Requires Node.js 16 or newer. The package is pure ESM and ships with TypeScript types out of the box.


🏃‍♂️ Quick start

import { removePII } from '@coffeeandfun/remove-pii';

const text = "John's email is john@example.com and his phone is 123-456-7890.";
const cleaned = removePII(text);

console.log(cleaned);
// "John's email is [email removed] and his phone is [phone removed]."

That's it. Three lines.


🛡️ PII types detected out of the box

Type Example
📧 Email addresses john@example.com
📞 Phone numbers 123-456-7890, (555) 123-4567
🆔 Social Security 123-45-6789
💳 Credit cards 1234 5678 9012 3456
🏠 Street addresses 123 Main Street
📋 Passport numbers AB1234567
🚗 Driver's licenses D123456789
🌐 IP addresses 192.168.1.1
📮 ZIP codes 12345-6789
🏦 Bank accounts 1234567890123456
🔗 URLs https://example.com
📅 Dates of birth 01/15/1990

💡 URLs are detected but not removed by default — pass { url: { remove: true } } if you want them gone too.


📦 What you get back

Every function takes a text string and an optional options object. The shape of the return value depends on which function you call:

// Simple replacement
removePII(text)                   // → string

// Cleaned text + metadata
removePIIDetailed(text)           // → { cleanedText, removedItems, originalLength, cleanedLength, reductionPercentage }

// Locate without changing
detectPII(text)                   // → { text, detectedItems, hasPII, totalMatches, types }

// Full analysis + risk scoring
analyzePII(text)                  // → { original, cleaned, pii, risk }

// Compliance check
validatePIICompliance(text)       // → { isCompliant, violations, violationCount, riskLevel, riskScore, recommendations }

// Array of strings
processBatch(texts)               // → BatchResult[]

Here's what a removePIIDetailed result actually looks like:

{
  cleanedText: 'Email: [email removed]',
  removedItems: [
    {
      type: 'email',
      count: 1,
      items: ['john@example.com'],
      description: 'Email addresses'
    }
  ],
  originalLength: 23,
  cleanedLength: 20,
  reductionPercentage: 13
}

📚 API reference

removePII(text, options?)

The main function — returns the cleaned string.

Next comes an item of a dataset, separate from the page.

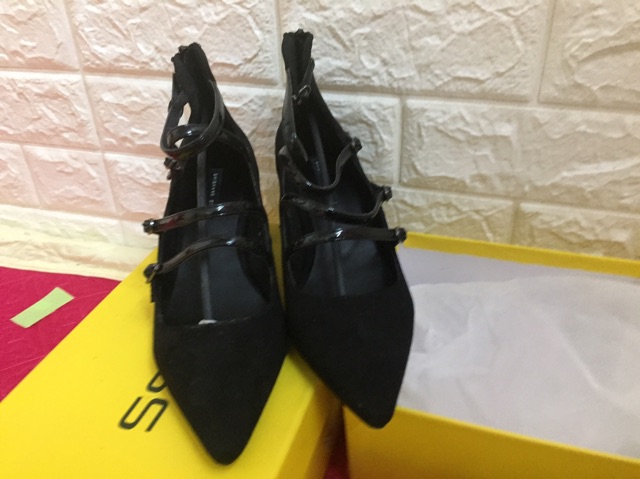 Giày gót vuông da lộn QC màu đen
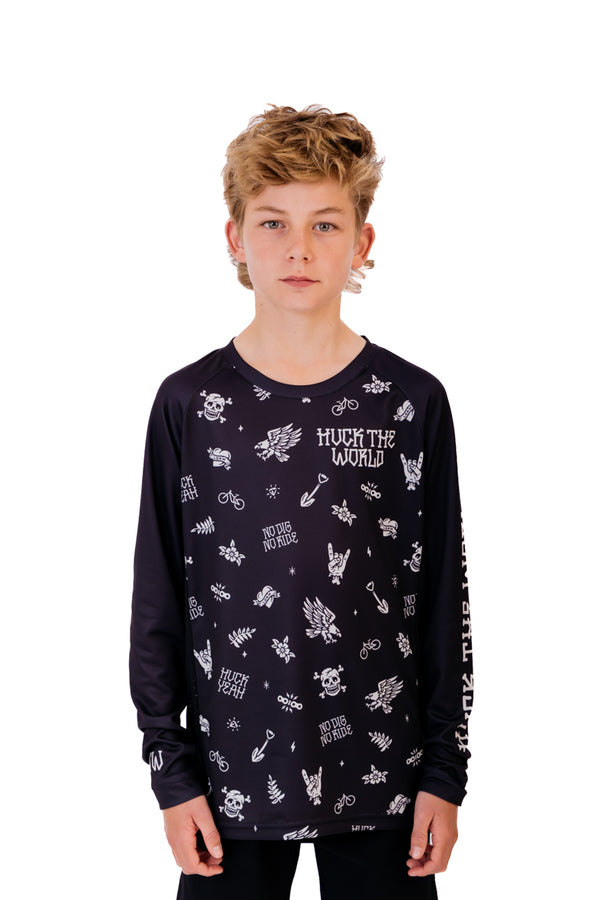 "Flash Icons" YOUTH Long Sleeve Jersey Black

const cleaned = removePII("Email: john@example.com, Phone: 123-456-7890");
// "Email: [email removed], Phone: [phone removed]"

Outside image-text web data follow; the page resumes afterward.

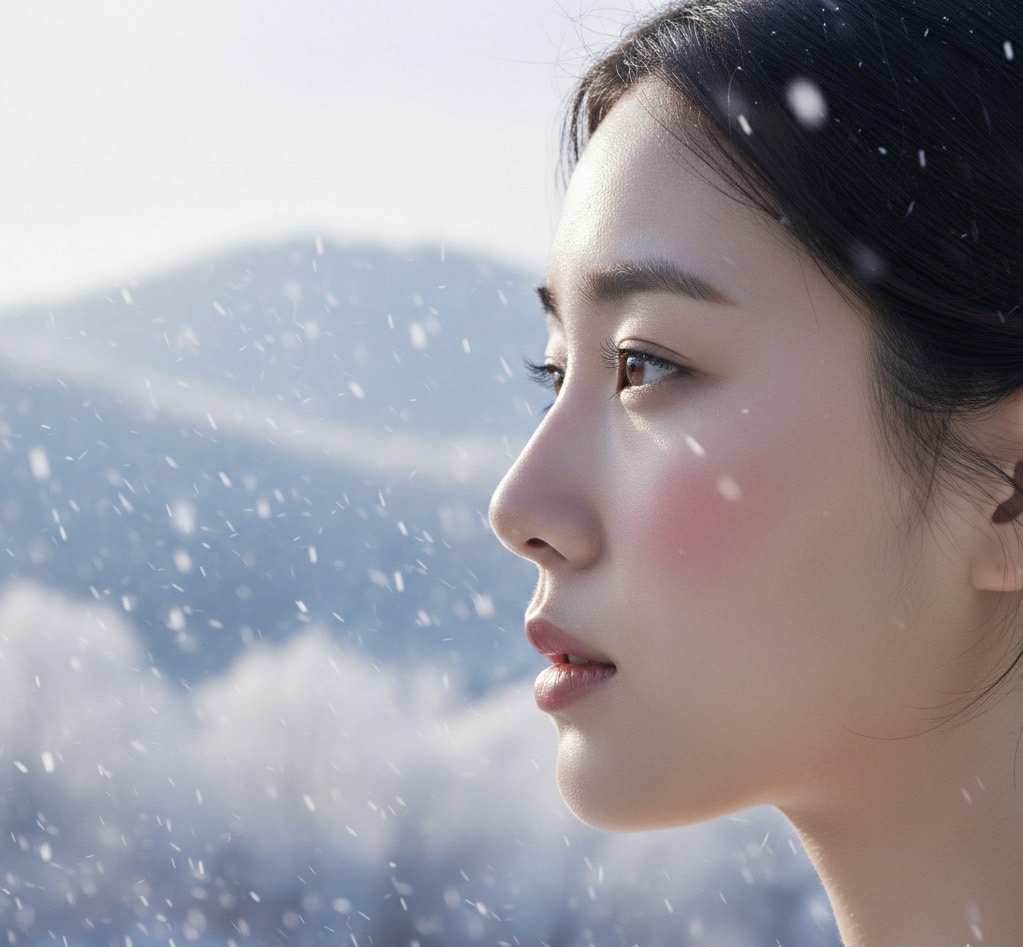 Portrait de profil d’une femme dans la neige, illustrant une peau hydratée, protégée et lumineuse — soins hydratants d’hiver.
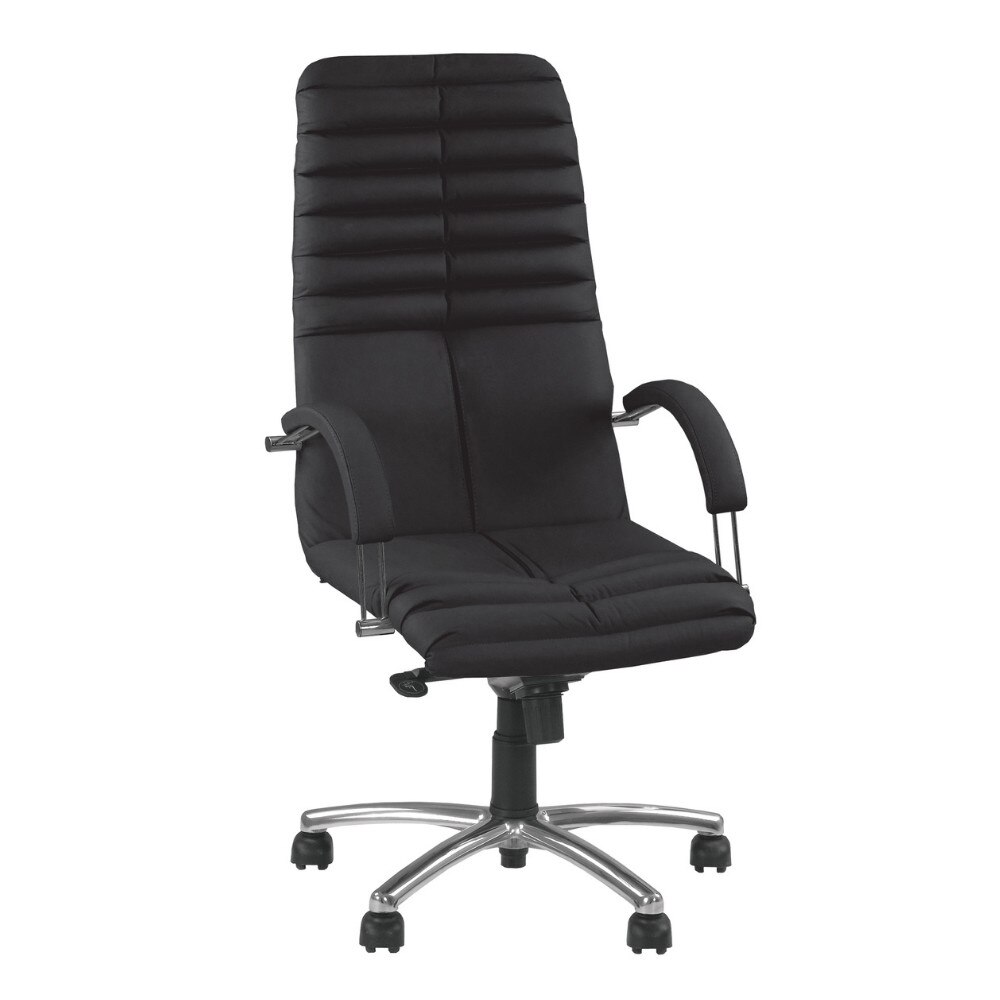 Scaun directorial Moderna Galaxy Steel Chrome, piele naturala, baza aluminiu, negru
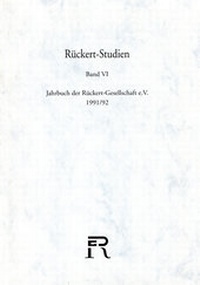 Enlarge image Cover: Jahrbuch der Rückert Gesellschaft - Ergon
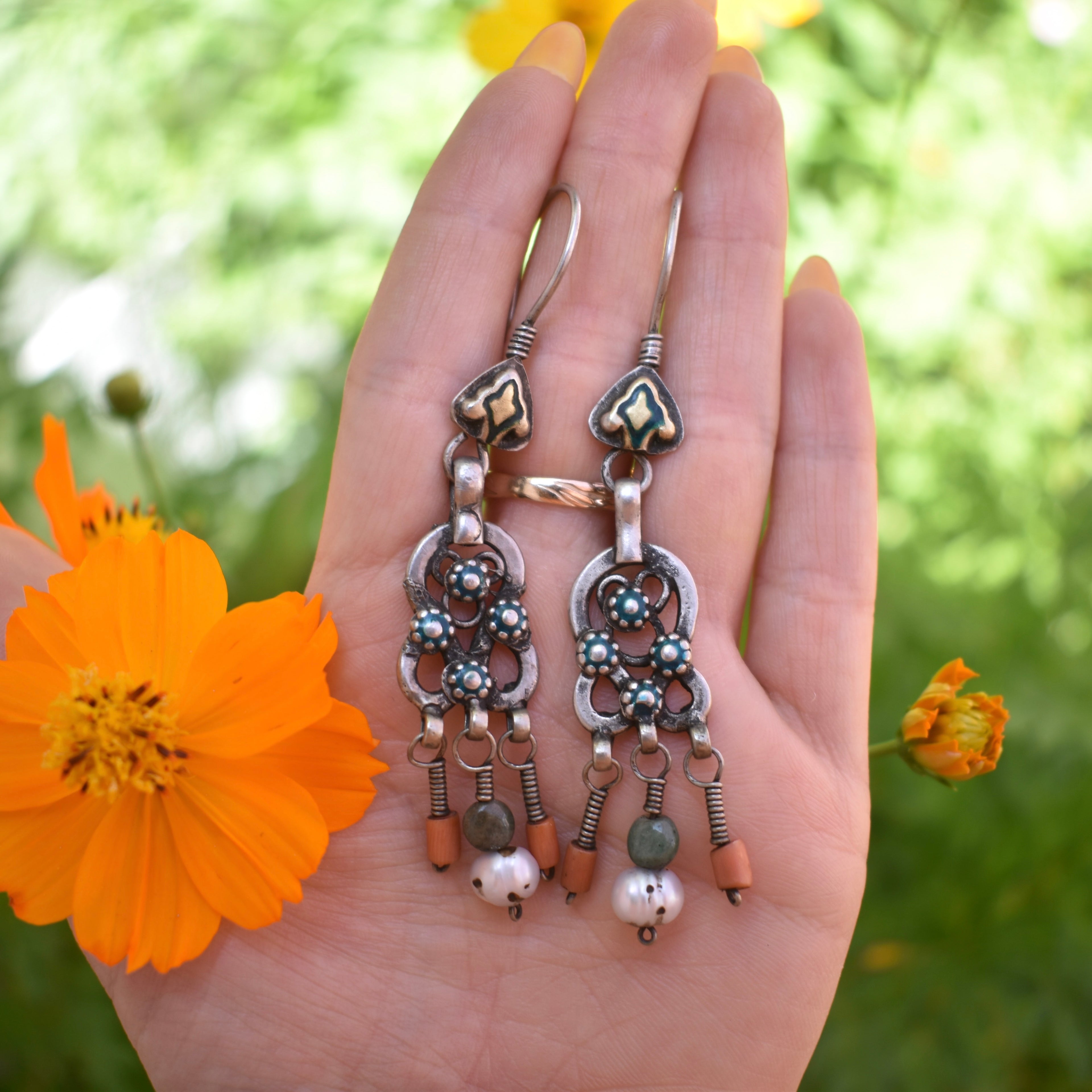 Vintage Afghani Sterling Silver Chandelier Earrings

removePIIDetailed(text, options?)

Like removePII but also tells you what was removed.

const result = removePIIDetailed("Email: john@example.com");
// {
//   cleanedText: "Email: [email removed]",
//   removedItems: [{ type: 'email', count: 1, items: ['john@example.com'] }],
//   originalLength: 23,
//   cleanedLength: 20,
//   reductionPercentage: 13
// }

detectPII(text, options?)

Find PII without changing the text. Each detected item includes positions (start / end / value) so you can highlight matches in a UI.

const analysis = detectPII("Email: john@example.com, Phone: 123-456-7890");
// {
//   text: "Email: john@example.com, Phone: 123-456-7890",
//   hasPII: true,
//   totalMatches: 2,
//   types: ['email', 'phone'],
//   detectedItems: [...]
// }

analyzePII(text, options?)

The full picture — detection + removal + risk scoring all at once. Great for dashboards.

const analysis = analyzePII("Email: john@example.com, SSN: 123-45-6789");
// {
//   original: { text: "...", length: 45, wordCount: 6 },
//   cleaned:  { text: "...", length: 35, wordCount: 6 },
//   pii:      { detected: [...], totalCount: 2, types: ['email', 'ssn'] },
//   risk:     { level: 'medium', score: 13 }
// }

validatePIICompliance(text, options?)

Yes/no compliance check with human-readable recommendations.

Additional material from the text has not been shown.